You didn’t hear as much as a wicka-wah until the fifth song of the set. Up until then, the audience tasted 16-bit arpeggios intermeshed into solar plexus-rattling low end, hallmarks of Davis’ latest LP, The Mountain Will Fall. The projection screen behind him captured vintage ‘80s sci-fi imagery reminiscent of Michel Tcherevkoff OMNI magazine covers—astronauts, grid-patterns, and fly-by cityscapes.
The first peak of the set came with Shadow spinning up Run the Jewels vocals from “All Due Respect” into the mix. The audience responded, backs of hands pumping in the air, keeping tempo with a sludgy, mid-tempo grind.
Davis then kicked up with energy breaking into “March of Death,” a track he co-created with Rage Against the Machine’s Zack De La Rocha, pushing the affected bassline up loud enough to tickle the lower part of the larynx, as an MC Escher-like staircase animation projected behind the turntable stand on stage.
The audience was treated to a spin of a remixed version “Stem / No Stem,” which had been given the deep-dark treatment by New Jersey iOS beat savant Clams Casino. This is the track Davis is pushing for the 20th anniversary remix of Endtroducing due out later this fall. It it would segue into another classic cut from the album, “Midnight In a Perfect World,” with the original music video—baggy khakis and all—thrown onto the backdrop.

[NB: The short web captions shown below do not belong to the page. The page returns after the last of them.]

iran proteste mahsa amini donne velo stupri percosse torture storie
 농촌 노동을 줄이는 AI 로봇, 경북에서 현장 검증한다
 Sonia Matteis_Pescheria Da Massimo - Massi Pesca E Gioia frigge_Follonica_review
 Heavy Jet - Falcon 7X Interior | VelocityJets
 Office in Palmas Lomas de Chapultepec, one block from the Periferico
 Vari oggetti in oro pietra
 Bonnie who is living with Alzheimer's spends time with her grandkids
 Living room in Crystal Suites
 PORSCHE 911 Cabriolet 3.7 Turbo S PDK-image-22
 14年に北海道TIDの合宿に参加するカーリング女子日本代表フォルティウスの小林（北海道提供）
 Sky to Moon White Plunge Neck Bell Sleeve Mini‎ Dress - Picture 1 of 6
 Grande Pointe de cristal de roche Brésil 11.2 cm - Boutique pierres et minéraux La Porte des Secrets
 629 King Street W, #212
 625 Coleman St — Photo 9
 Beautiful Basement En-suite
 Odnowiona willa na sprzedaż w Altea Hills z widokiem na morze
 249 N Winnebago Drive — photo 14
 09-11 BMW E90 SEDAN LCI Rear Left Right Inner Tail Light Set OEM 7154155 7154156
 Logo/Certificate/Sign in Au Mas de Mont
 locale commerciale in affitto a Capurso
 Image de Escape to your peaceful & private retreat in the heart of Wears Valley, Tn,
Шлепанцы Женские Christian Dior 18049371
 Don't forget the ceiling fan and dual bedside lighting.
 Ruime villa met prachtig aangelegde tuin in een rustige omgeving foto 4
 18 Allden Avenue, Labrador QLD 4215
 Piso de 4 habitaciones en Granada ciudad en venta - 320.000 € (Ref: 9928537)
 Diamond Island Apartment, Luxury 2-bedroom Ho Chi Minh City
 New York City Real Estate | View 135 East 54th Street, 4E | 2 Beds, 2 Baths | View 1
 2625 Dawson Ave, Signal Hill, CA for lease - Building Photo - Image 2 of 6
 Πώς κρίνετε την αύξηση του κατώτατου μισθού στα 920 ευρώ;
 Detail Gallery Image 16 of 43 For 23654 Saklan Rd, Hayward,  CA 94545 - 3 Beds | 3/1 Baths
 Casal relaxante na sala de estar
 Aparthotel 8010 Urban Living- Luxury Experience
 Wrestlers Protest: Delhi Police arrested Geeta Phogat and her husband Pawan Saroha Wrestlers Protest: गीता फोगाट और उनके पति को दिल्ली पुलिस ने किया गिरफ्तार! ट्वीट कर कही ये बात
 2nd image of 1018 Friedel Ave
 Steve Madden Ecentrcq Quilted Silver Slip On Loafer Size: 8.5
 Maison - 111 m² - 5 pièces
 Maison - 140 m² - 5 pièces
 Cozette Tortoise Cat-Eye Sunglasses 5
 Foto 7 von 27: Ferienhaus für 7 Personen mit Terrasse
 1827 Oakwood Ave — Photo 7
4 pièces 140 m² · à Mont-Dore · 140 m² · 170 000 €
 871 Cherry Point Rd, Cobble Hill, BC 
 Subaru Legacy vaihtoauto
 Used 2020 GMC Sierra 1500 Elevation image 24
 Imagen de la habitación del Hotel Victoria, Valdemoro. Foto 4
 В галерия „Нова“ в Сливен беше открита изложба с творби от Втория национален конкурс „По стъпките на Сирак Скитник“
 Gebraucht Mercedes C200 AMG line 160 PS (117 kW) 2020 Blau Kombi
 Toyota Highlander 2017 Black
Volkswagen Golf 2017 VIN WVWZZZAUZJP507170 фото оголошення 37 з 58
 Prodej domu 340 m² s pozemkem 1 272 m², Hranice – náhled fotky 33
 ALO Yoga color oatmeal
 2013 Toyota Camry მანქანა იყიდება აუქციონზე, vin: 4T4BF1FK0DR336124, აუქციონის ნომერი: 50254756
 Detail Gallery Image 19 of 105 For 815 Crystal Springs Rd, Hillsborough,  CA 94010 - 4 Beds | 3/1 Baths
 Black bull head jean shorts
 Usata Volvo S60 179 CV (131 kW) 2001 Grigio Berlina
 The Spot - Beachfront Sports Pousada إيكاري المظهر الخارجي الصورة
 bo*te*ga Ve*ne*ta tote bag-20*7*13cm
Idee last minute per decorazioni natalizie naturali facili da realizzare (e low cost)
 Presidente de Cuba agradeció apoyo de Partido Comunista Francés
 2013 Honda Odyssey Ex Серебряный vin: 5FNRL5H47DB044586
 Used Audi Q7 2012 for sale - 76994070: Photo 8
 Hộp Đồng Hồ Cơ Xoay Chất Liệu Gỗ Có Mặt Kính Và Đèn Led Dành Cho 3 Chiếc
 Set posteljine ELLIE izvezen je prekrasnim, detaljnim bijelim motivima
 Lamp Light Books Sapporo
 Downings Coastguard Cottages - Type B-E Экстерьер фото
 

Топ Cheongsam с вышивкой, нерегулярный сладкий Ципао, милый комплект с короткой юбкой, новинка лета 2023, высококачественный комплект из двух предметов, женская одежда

The hit nouveau came at the end with “Nobody Speak,” the Run the Jewels-featured single from Mountain that’s been in heavy rotation all summer on KCRW.
That was it—no encore—just a last minute Sriracha grilled cheese for me before I was back on I-5 South toward Fullerton, without a lane closure to slow me down on this warm, thirsty Thursday SoCal evening.